2026.01.14 NEW

解散総選挙で円安は加速するか? ドル円160円が視野に、為替介入への警戒も 野村證券・後藤祐二朗

解散総選挙で円安は加速するか? ドル円160円が視野に、為替介入への警戒も 野村證券・後藤祐二朗のイメージ

撮影/タナカヨシトモ(人物)

1月9日、読売新聞が「高市早苗首相は、23日召集が予定される通常国会の冒頭で衆院を解散する検討に入った」と報じ、早期の解散総選挙への期待が急速に高まっています。現段階では真偽は不明です。三連休明け後の日本市場は株高・金利上昇・円安の動きとなり、早期の総選挙を意識した「高市トレード」が再燃する展開となりました。ドル円相場は159円台を突破しており、節目となる160円に向けて当局の円安許容度を試す展開となっています。今後の見通しを、野村證券チーフ為替ストラテジストの後藤祐二朗が解説します。

解散総選挙で円安は加速するか? ドル円160円が視野に、為替介入への警戒も 野村證券・後藤祐二朗のイメージ

初動では思惑的な円安圧力に

高市政権発足後、内閣支持率は70%前後の高水準を維持しており、2026年中の総選挙の可能性は市場で意識されてきました。もっとも、国民民主党による2026年度予算案への協力の意向もあり、まずは通常国会での予算成立を重視するとの見方が大勢だったとみられます。仮に通常国会冒頭での解散となれば、サプライズの度合いは大きい印象です。

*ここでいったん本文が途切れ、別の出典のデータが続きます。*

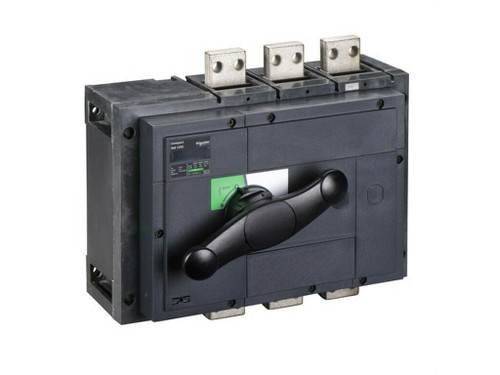 Interruptor INTERPACT INS 1250A 3P estándar - Schneider Electric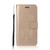 For Samsung Galaxy A72 5G / 4G Wind Chime Owl Embossing Pattern Horizontal Flip Leather Case with Holder & Card Slots & Wallet(Gold)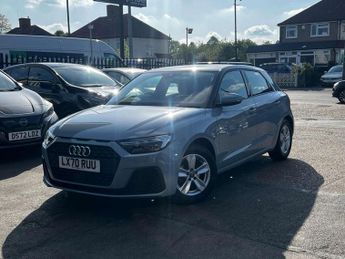 Audi A1 1.0 A1 Sportback 25 TFSI Technik 5dr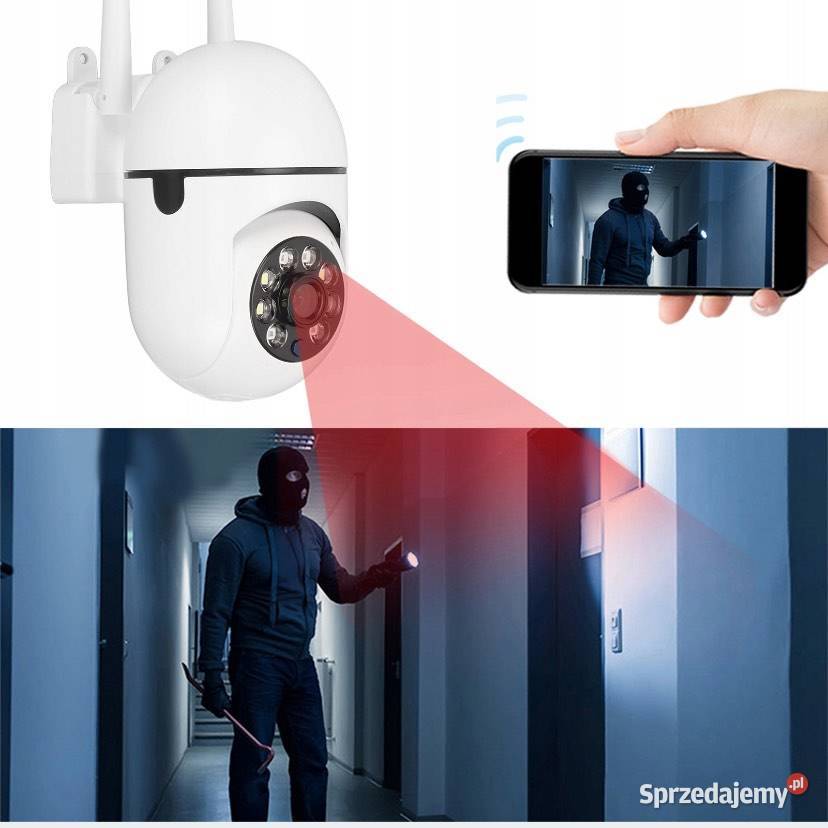 Zestaw 2 kamer WiFi FullHD warmińsko-mazurskie sprzedam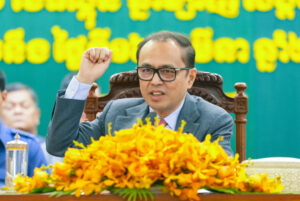 ឯកឧត្តម វង្សី វិស្សុត៖ ការឈ្លានពាន និង «ច្បាប់អ្នកខ្លាំងឈ្នះ» ជាបញ្ហាប្រឈមធំសម្រាប់កម្ពុជា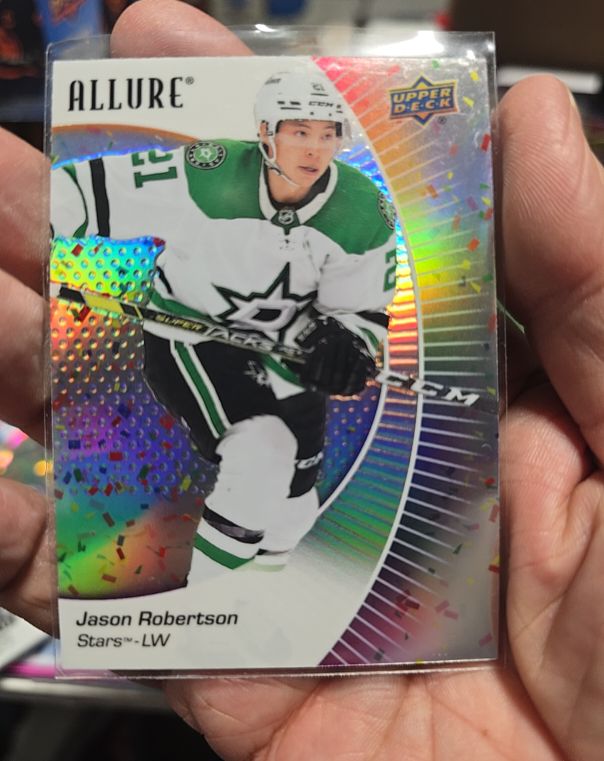 2023-24 Upper Deck Allure #51 Jason Robertson — front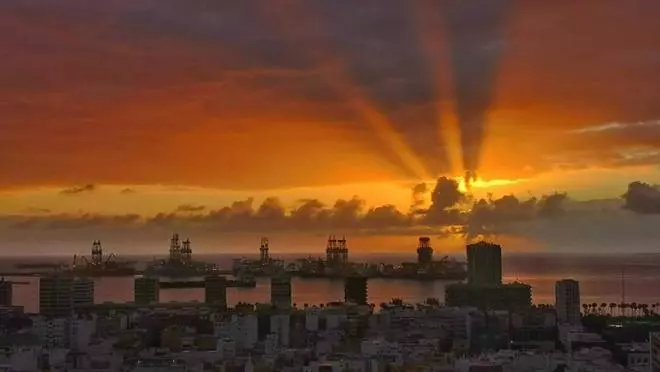 Amanecer en Las Palmas de Gran Canaria (30/06/18)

報道を受け、ドル円相場は一時159円台を回復しました。2025年10月の自民党総裁選での高市氏勝利後の、いわゆる高市トレードの再現期待に加え、解散から投開票日に向けては株高が進みやすいとの経験則から、クロス円での円安への思惑が強まったとみられます。17日前後にも解散の意向表明の可能性がある中、目先の為替市場では本邦政治動向が再び円安要因として材料視される可能性があります。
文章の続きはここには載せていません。